In Africa

 

A "MARTYR" Brother !

Tibhirine - 1978 -


See Dom Christian’s Testament   

In fact, seven of my brothers were martyred; seven Cistercian monks assassinated in Algeria, on the 21st of May. Seven John the Baptist for our times…Seven John the Baptist whose throats were cut…heads not offered on a platter, but left in the dust ....

These are indeed seven of my brothers, who loved until the end, but I will speak of one of them, the only one that I knew and that I would dare consider a friend. Without any merit on my part…Because Dom Christian was a person of friendship and the best proof we have of this lies in the tears of the Algerians who weep for him the way one weeps for a brother and a friend… 

But how can I speak to you about this brother martyr? …. He himself had a great many reservations about this word and the reality it could cover in the spirit of those who used it… One day, while contemplating Christ crucified he meditated on this subject and wrote, forcefully: 

“Jesus could not have wished for Judas’ betrayal.  Is this not too high a price to pay for what is willingly called the glory of martyrdom, to owe it to the murderous gesture of a brother in humanity?”  

And, he wrote with such clarity, in the testament he left to his mother and the members of his family: 

“I could not desire such a death. It seems to me important to say this. I do not see, in fact, how I could rejoice if the people I love were to be accused indiscriminately of my murder. To owe it to an Algerian, whoever he may be, would be too high a price to pay for what will, perhaps, be called, the “grace of martyrdom”, especially if he says he is acting in fidelity to what he believes to be Islam”. 

Dom Christian wished to give his life, completely, like Christ…He wanted to love until the end, like Christ…. It was in Christ that he forgave in advance “the friend of my final moment”, the murderer who would not know what he was doing… It is in Christ that he became a martyr! 
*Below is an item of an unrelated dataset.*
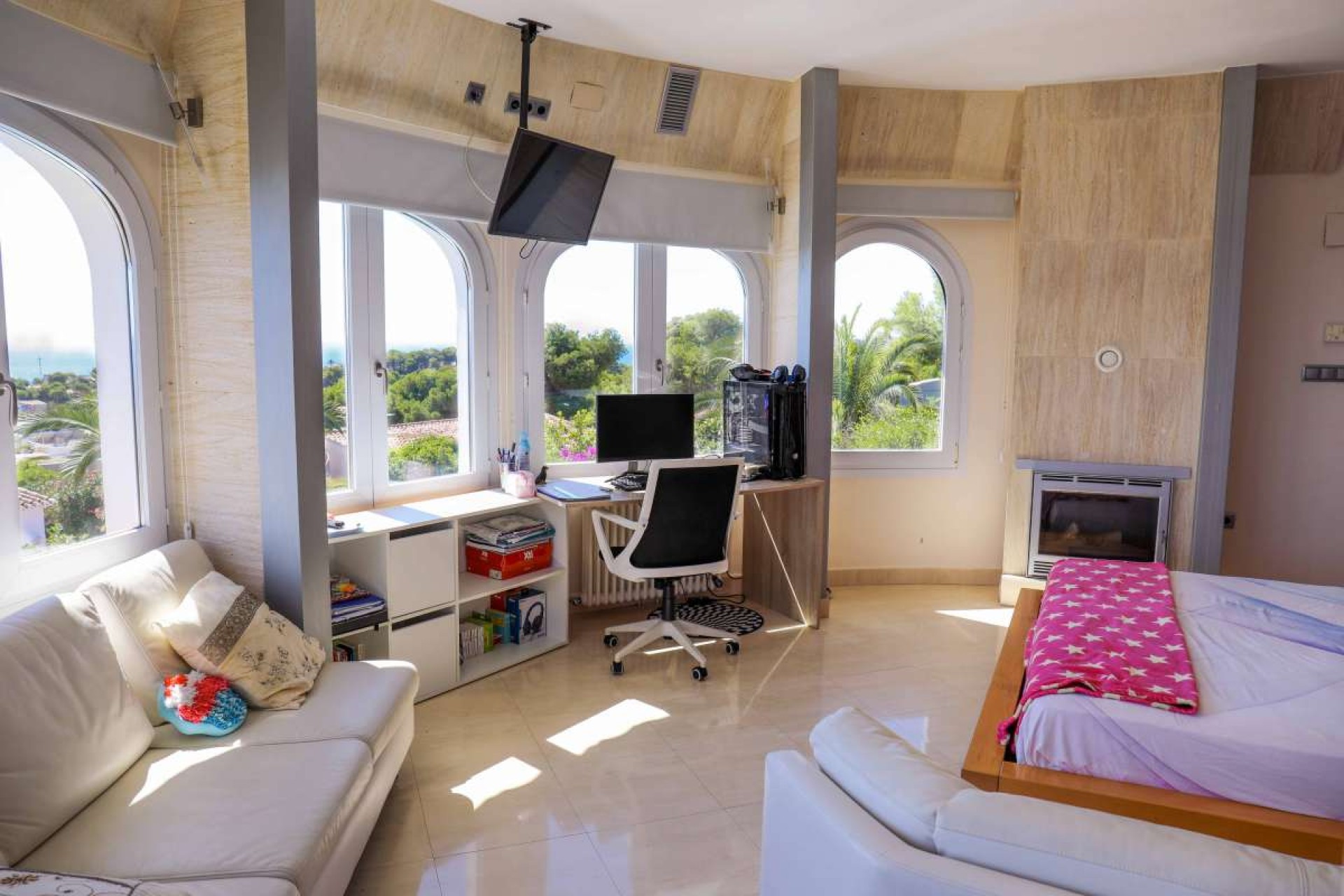 Resale - Villa -
Jávea - Costa Blanca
All this seems to have been lived very far from us…But in fact, it is lived very close to us…. On October 30, 1994, Dom Christian wrote to me, “No matter what happens, let us remain united in the communion of saints”. This was both a promisei and a request… This mystery of the communion of saints has always nourished my joy and my hope, but now it nourishes me even more since my brother Christian, illuminated by Christ’s glory, invested with the gift of the Spirit, gazes deeply into the eyes of the Father, “to contemplate with Him his children of Islam”, they too illuminated with Christ’s glory and invested with the gift of the Spirit!… His brothers… My brothers… Our brothers!